Thunderbolt 2 allowed us to connect a 4K display whilst doubling the throughput from 10Gb/s to 20Gb/s. It wasn’t until Thunderbolt 3 that we finally were able to put aside our PSU and get power straight from our Thunderbolt devices.
Thunderbolt 3 again doubled the throughput from 20Gb/s to 40Gb/s, which allowed dock manufacturers to add 10Gb/s USB-C ports, and dual 4K 60Hz displays.
Thunderbolt 3 was the pinnacle of singles cable simplicity, and as USB also adopted the the Type-C connector, the ecosystem has flourished.
So what does Thunderbolt 4 bring to the table?
On the surface Thunderbolt 4 has a different approach. Unlike previous generations it has not doubled its throughput, keeping the same 40Gb/s that Thunderbolt 3 introduced.
Thunderbolt 4 has also not increased the monitor connectivity options either, it still supports up to 2x 4K 60Hz monitors, the same as Thunderbolt 3. The power delivery has not increased, keeping the same 100W power delivery of Thunderbolt 3.
Thunderbolt 4 has though added support for USB 4 laptops. However, Thunderbolt 3 devices will also support USB 4 when it is available via Thunderbolt technology.
So if the throughput, monitor connectivity, USB 4 support, and power delivery remain the same what are the real advantages in upgrading your Thunderbolt 3 device to Thunderbolt 4?
Much better Windows PC Support
A lot of the changes are geared towards Windows PCs and for PC manufacturers to fully support the Thunderbolt specification.
At the moment a Thunderbolt 3 PC laptop manufacturer can restrict the amount of monitors a user can connect to their laptop’s Thunderbolt 3 port from 2 monitors to 1 monitor. With Thunderbolt 4, PC manufacturers have to allow dual monitor support by default.
As another example, PC manufacturers can restrict power delivery on their Thunderbolt 3 port in order to prevent laptop charging. With Thunderbolt 4, manufacturers have to allow power delivery from at least one port.

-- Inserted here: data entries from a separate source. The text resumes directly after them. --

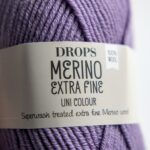 Klbko jemnej merino priadze DROPS Merino Extra Fine v pastelovej farbe. Vlna na predaj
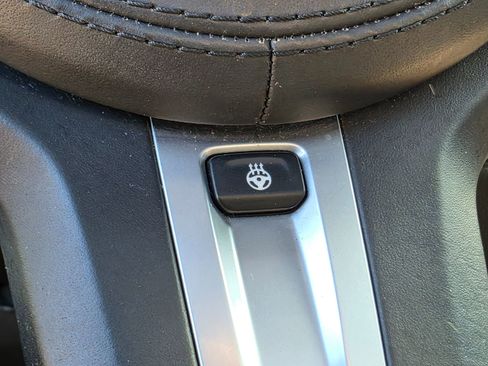 Used 2020 BMW 750i xDrive w/ M Sport Package image 38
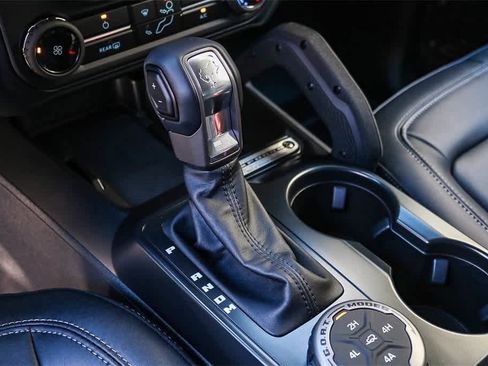 New 2025 Ford Bronco Badlands w/ Sasquatch Package image 19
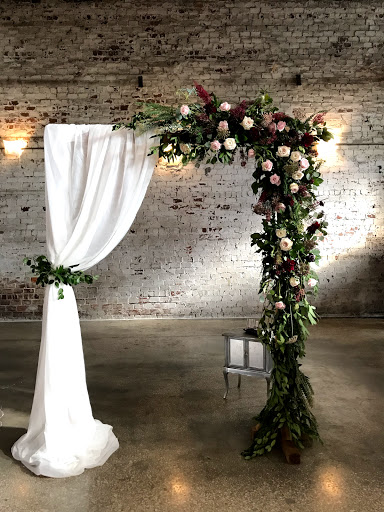 Florist «Florist Fire», reviews and photos, 716 S Village Cir, Tampa, FL 33606, USA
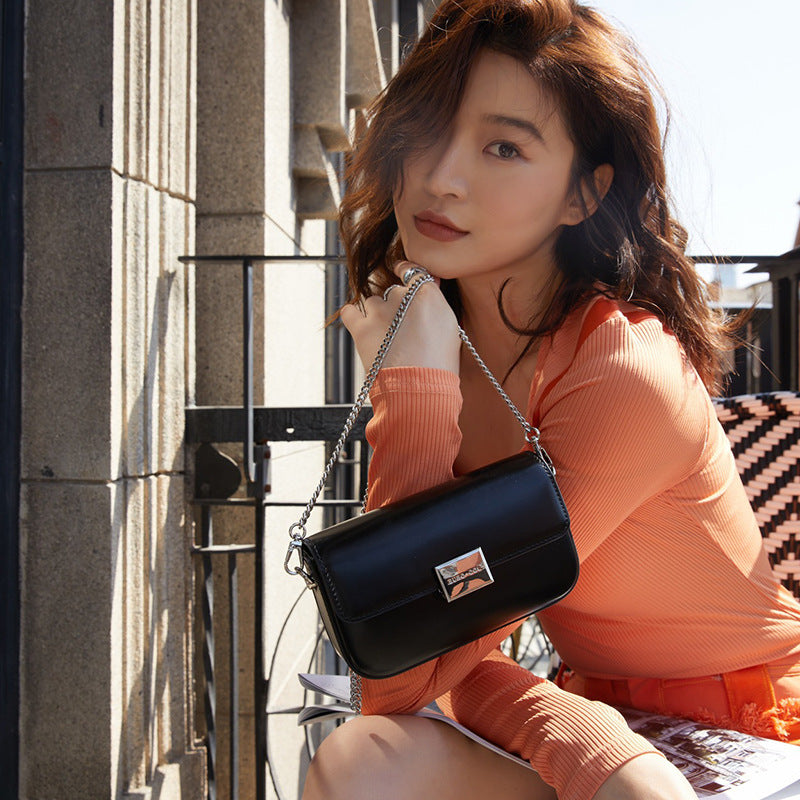 Women's Light Luxury Design Snake Bones Chain Shoulder Bags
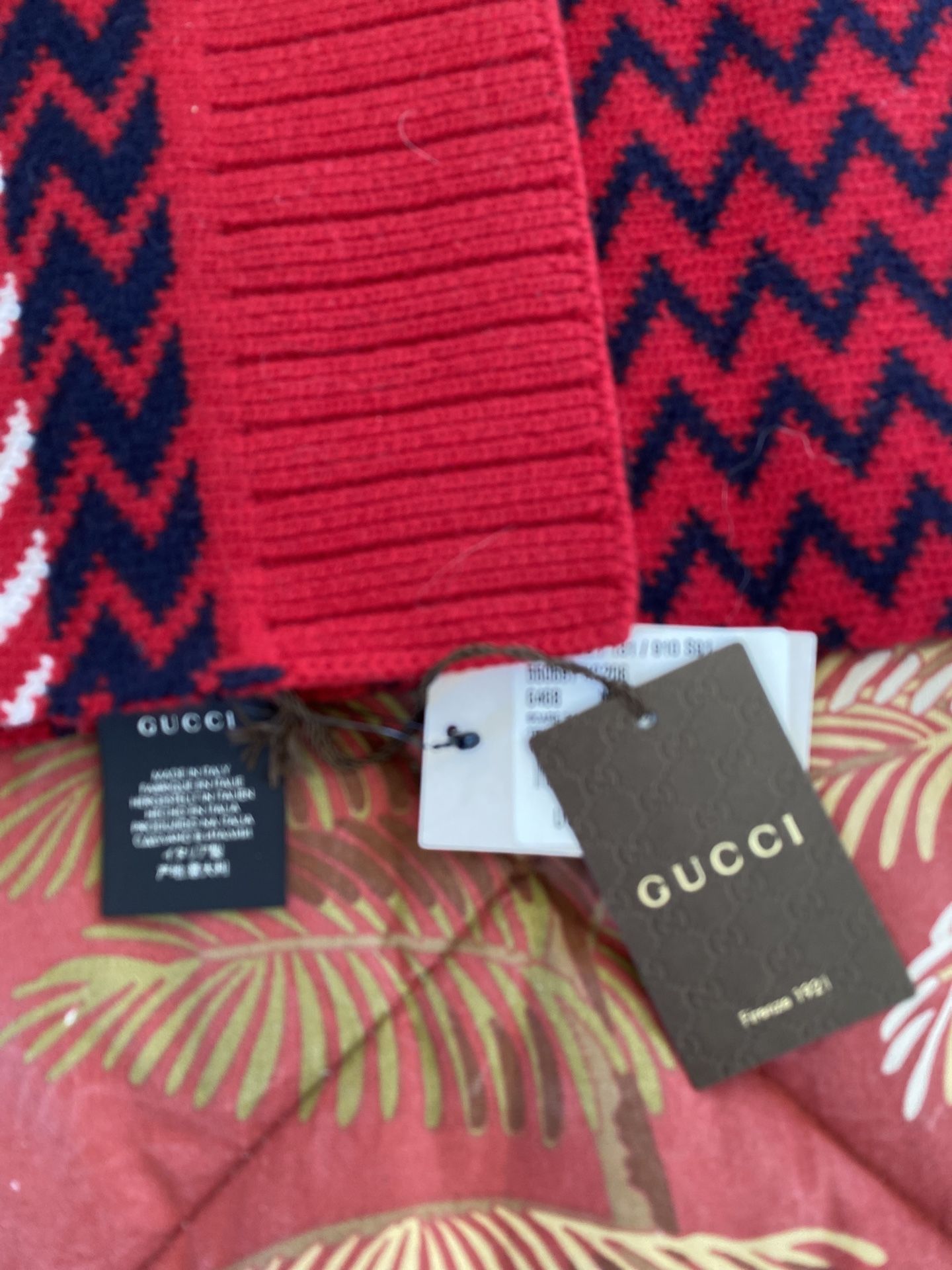 Bargain Price On New w/Tags Genuine GUCCI 100% Wool Muffler 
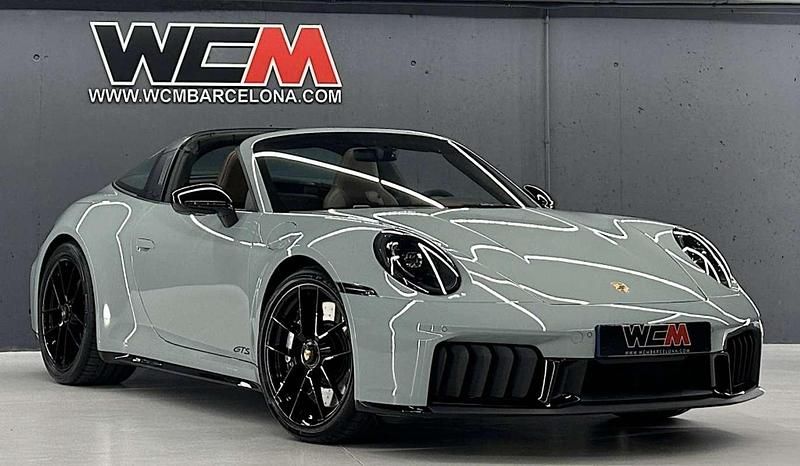 Verde Nuevo 2025 Porsche 992 Coupe | 245.900 € - Imagen 1/4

On macOS this is not an issue since Apple’s Thunderbolt 3 ports fully support the Thunderbolt 3 specification.
A lot of the upgrades to Thunderbolt 4 are really just enforcements to make sure PC manufacturers fully adopt the Thunderbolt specification, as these were not enforced during the the Thunderbolt 3 era.
One other upgrade announced for Thunderbolt 4 is the use of 32Gb/s PCIe, and the ability to connect an NVMe SSD with speeds up to 3000MB/s.
On the surface this seems like a big upgrade, but actually Thunderbolt 3 has offered 32Gb/s PCIe for years. However, Thunderbolt 4 has made 32Gb/s the minimum requirement.
This has not been an issue on macOS since Thunderbolt 3 has always offered 32Gb/s PCIe. On the Windows side, PC manufacturers have been required to offer a minimum of 16Gb/s PCIe on their Thunderbolt 3 port without having to offer 32Gb/s.
With Thunderbolt 4, laptop manufacturers have to implement the full 32Gb/s PCIe technology as standard. If you are a NVMe SSD user on macOS you will not see a big difference in performance between Thunderbolt 3 and Thunderbolt 4. Even PC users that have Thunderbolt 3 ports with 32Gb/s PCIe will not see much performance difference.
More Thunderbolt Ports – Same 40Gb/s Bandwidth
Really the main upgrade to Thunderbolt 4 is the inclusion of 4x Thunderbolt ports allowing you to connect more Thunderbolt specific devices to your docks and hubs. However, as Thunderbolt 4 still retains the 40Gb/s performance, those 4x Thunderbolt ports don’t have increase bandwidth to work with.
What this tells us is that Thunderbolt 4 devices, such as docking solutions, will not be that much different to the docks we see today. The performance, monitor connectivity, and power delivery will all be the same.
A Small Step Forward
By purchasing a Thunderbolt 3 product today you are future-proofing your device for when Thunderbolt 4 is eventually available.
CalDigit’s flagship TS3 Plus for example will provide the majority of features a Thunderbolt 4 dock does and be compatible with Thunderbolt 4 and USB 4 laptops.
In conclusion, it will be some time before we start to see Thunderbolt 4 laptops, and even then, they will most likely be Windows PCs geared towards high-end users in late 2020.
Thunderbolt 4 may not be the giant leap forward we were expecting but a small improvement on Thunderbolt 3.